A friend of mine is currently booking a slot with Groupon to promote their business and from what I’ve heard so far the process has been promising: well managed and realistic.

Love em’ or hate ’em,  sites like Groupon offer an great opportunity for small businesses to get their name out there and attract new customers. If you’re signed up to the weekly Insider’s Edge email I’ll let you know what happens.

An inspiring lesson in humility from the CEO of Groupon, Andy Mason, who was fired last month

Everything about Groupon is whirlwind and last month Andy Mason the CEO of Groupon was ousted by the board. Here’s what he sent to his staff on his departure.

(This is a transcript of the email he sent to staff):


andrew mason
Andrew Mason, Former CEO of Groupon

People of Groupon,

After four and a half intense and wonderful years as CEO of Groupon, I’ve decided that I’d like to spend more time with my family. Just kidding I was fired today. If you’re wondering why… you haven’t been paying attention. From controversial metrics in our S1 to our material weakness to two quarters of missing our own expectations and a stock price that’s hovering around one quarter of our listing price, the events of the last year and a half speak for themselves. As CEO, I am accountable.

You are doing amazing things at Groupon, and you deserve the outside world to give you a second chance. I’m getting in the way of that. A fresh CEO earns you that chance.
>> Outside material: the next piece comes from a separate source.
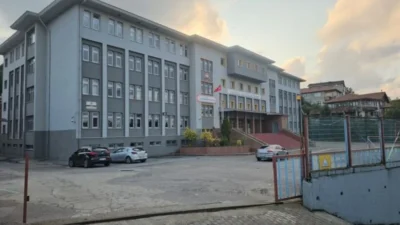 Zonguldak’taki Erdemir Anadolu Lisesi’nde, 12’nci sınıf öğrencisi Uygar T.U. (16),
The board is aligned behind the strategy we’ve shared over the last few months, and I’ve never seen you working together more effectively as a global company it’s time to give Groupon a relief valve from the public noise.

For those who are concerned about me, please don’t be I love Groupon, and I’m terribly proud of what we’ve created. I’m OK with having failed at this part of the journey. If Groupon was Battletoads, it would be like I made it all the way to the Terra Tubes without dying on my first ever play through. I am so lucky to have had the opportunity to take the company this far with all of you. I’ll now take some time to decompress (FYI I’m looking for a good fat camp to lose my Groupon 40, if anyone has a suggestion), and then maybe I’ll figure out how to channel this experience into something productive.
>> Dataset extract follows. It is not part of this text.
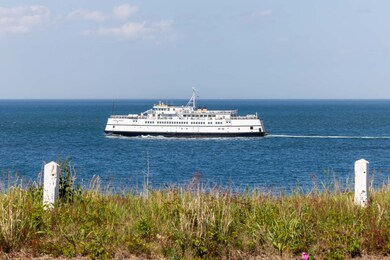 168 E Chop Dr, Oak Bluffs, MA 02557 - photo 5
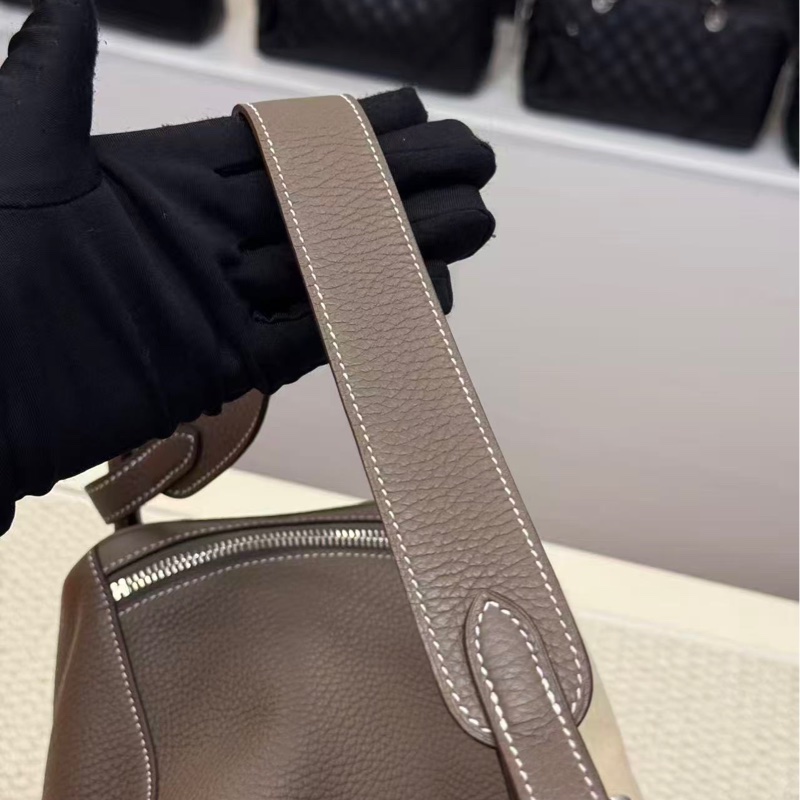 愛馬仕HERMES Lindy30 大象灰銀扣 TC皮 2017 A刻-14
If there’s one piece of wisdom that this simple pilgrim would like to impart upon you: have the courage to start with the customer. My biggest regrets are the moments that I let a lack of data override my intuition on what’s best for our customers. This leadership change gives you some breathing room to break bad habits and deliver sustainable customer happiness don’t waste the opportunity!

I will miss you terribly.




I think this is a great lesson for anyone starting or developing a business.

Don’t forget the customer, keep an eye on the details and don’t be afraid to own your mistakes – otherwise you’ll keep making them.

If Groupon can listen to their ex-CEO and learn from his mistakes and ability to reflect, I think they’ll be a company worth watching in the future.


One response to “What we can learn from Groupon’s ‘fired’ CEO”

  1. Thanks for sharing that letter from Andrew Mason – what a truly inspiring guy. Whoever is lucky enough to hire him is in for a real treat!